Data shown:
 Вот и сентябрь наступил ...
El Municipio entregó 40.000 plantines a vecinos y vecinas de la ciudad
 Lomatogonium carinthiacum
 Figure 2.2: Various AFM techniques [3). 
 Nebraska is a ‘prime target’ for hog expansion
* * *
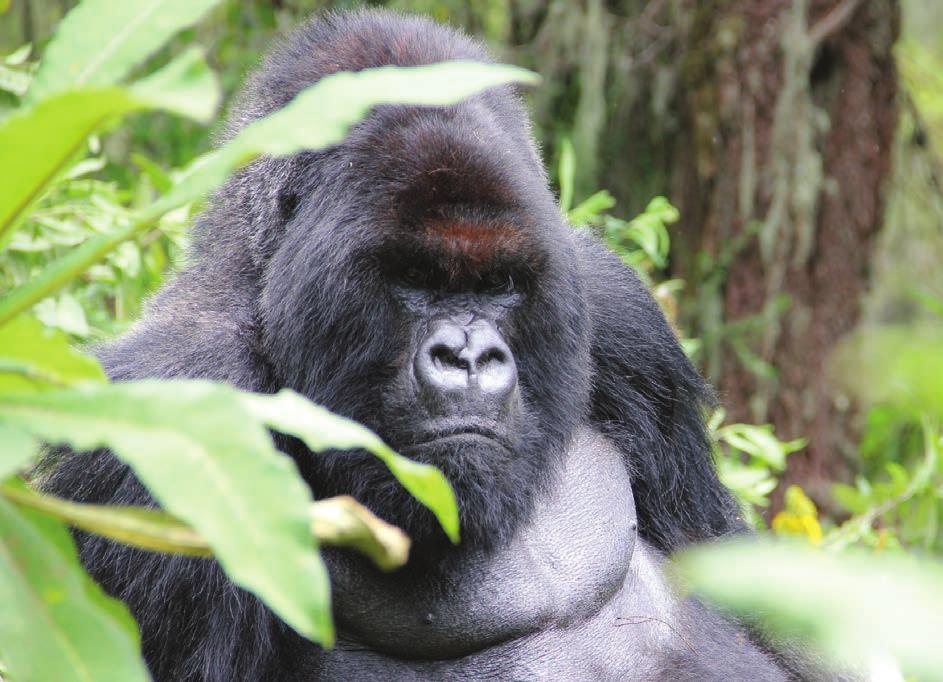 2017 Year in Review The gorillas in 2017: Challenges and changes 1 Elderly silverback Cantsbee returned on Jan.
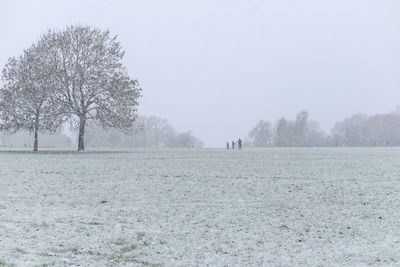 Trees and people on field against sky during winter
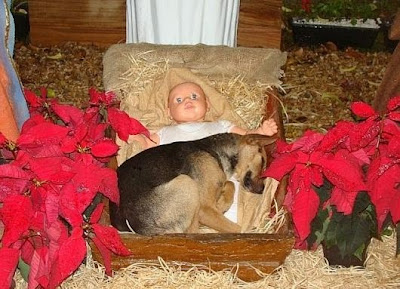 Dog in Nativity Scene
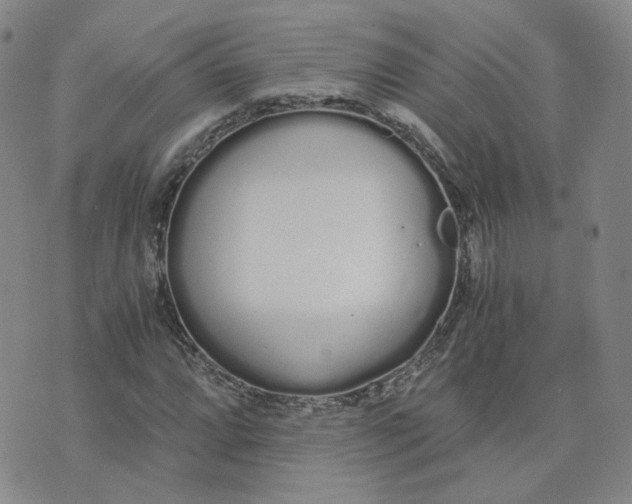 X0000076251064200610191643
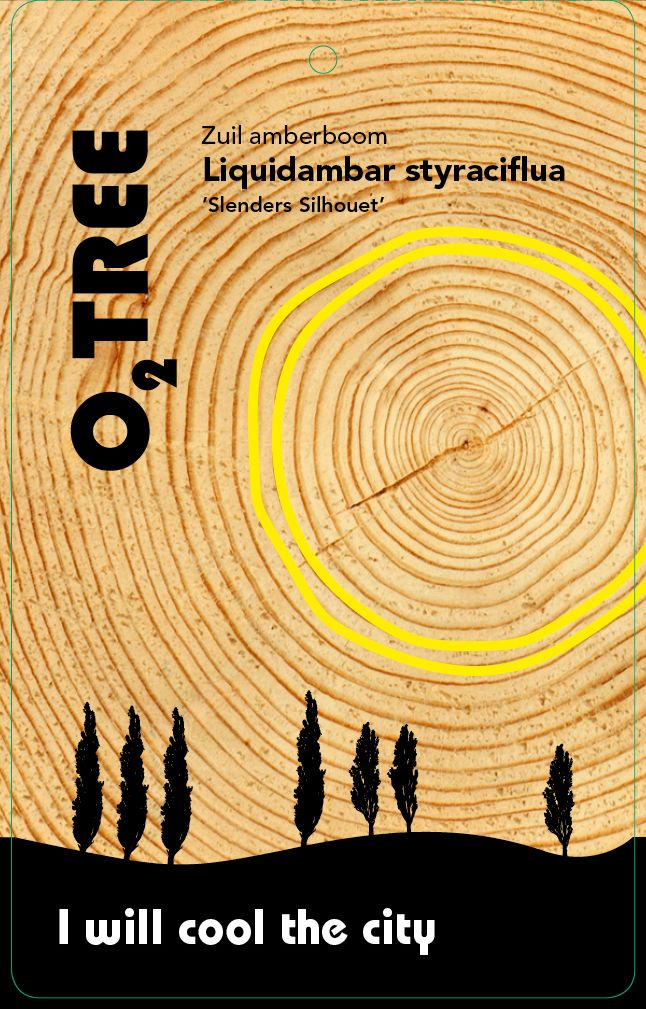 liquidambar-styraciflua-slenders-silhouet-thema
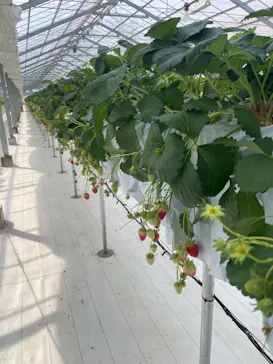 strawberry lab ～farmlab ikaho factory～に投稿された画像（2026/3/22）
...
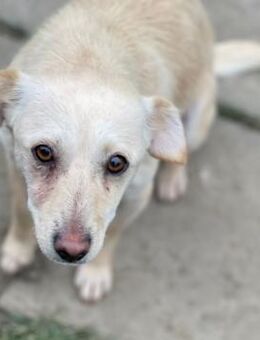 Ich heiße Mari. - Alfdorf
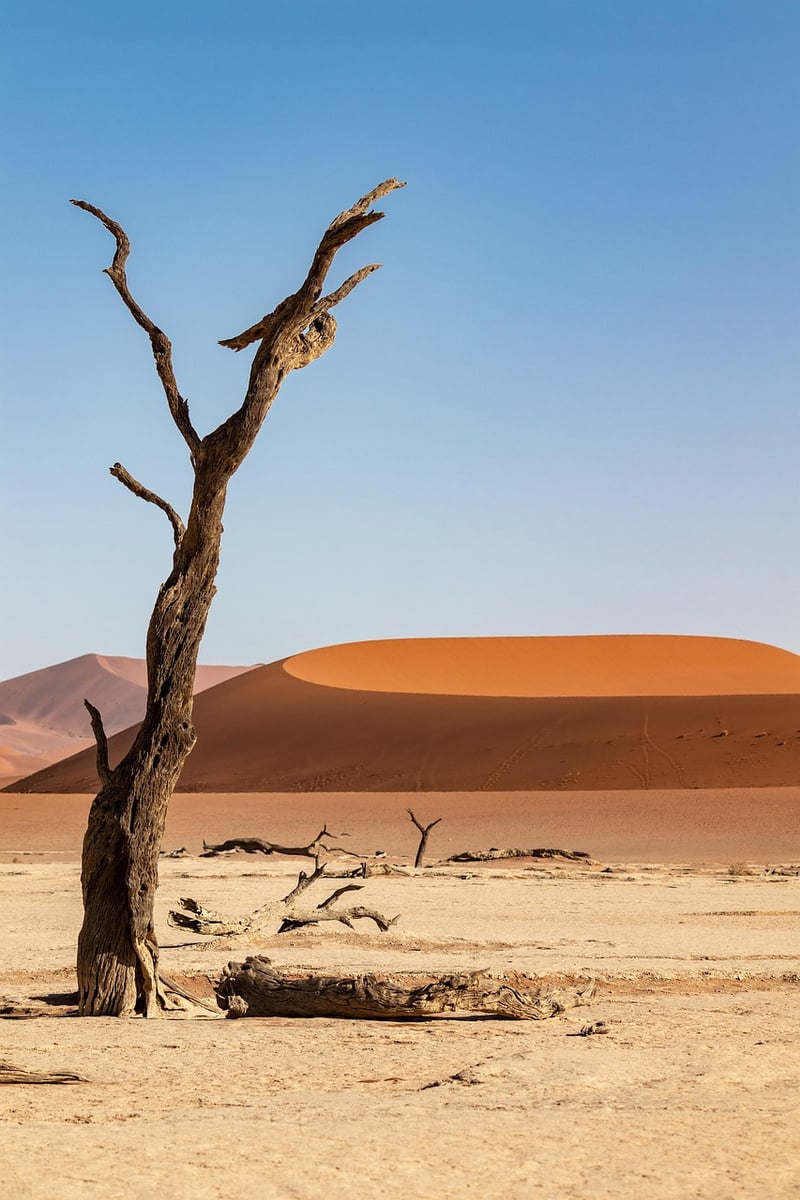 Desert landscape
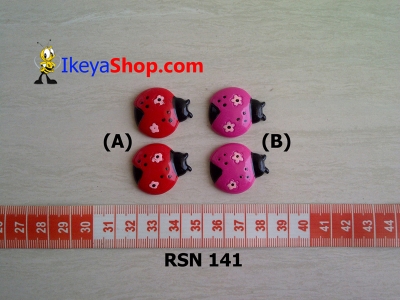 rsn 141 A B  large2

Assignment:
Excluding any pictures, print exactly the lines of the listing above from the line with "2017 Year in" to the line with "strawberry lab ～farmlab", both ends included.

Solution to the exercise:
 2017 Year in Review The gorillas in 2017: Challenges and changes 1 Elderly silverback Cantsbee returned on Jan.
 Trees and people on field against sky during winter
 Dog in Nativity Scene
 X0000076251064200610191643
 liquidambar-styraciflua-slenders-silhouet-thema
 strawberry lab ～farmlab ikaho factory～に投稿された画像（2026/3/22）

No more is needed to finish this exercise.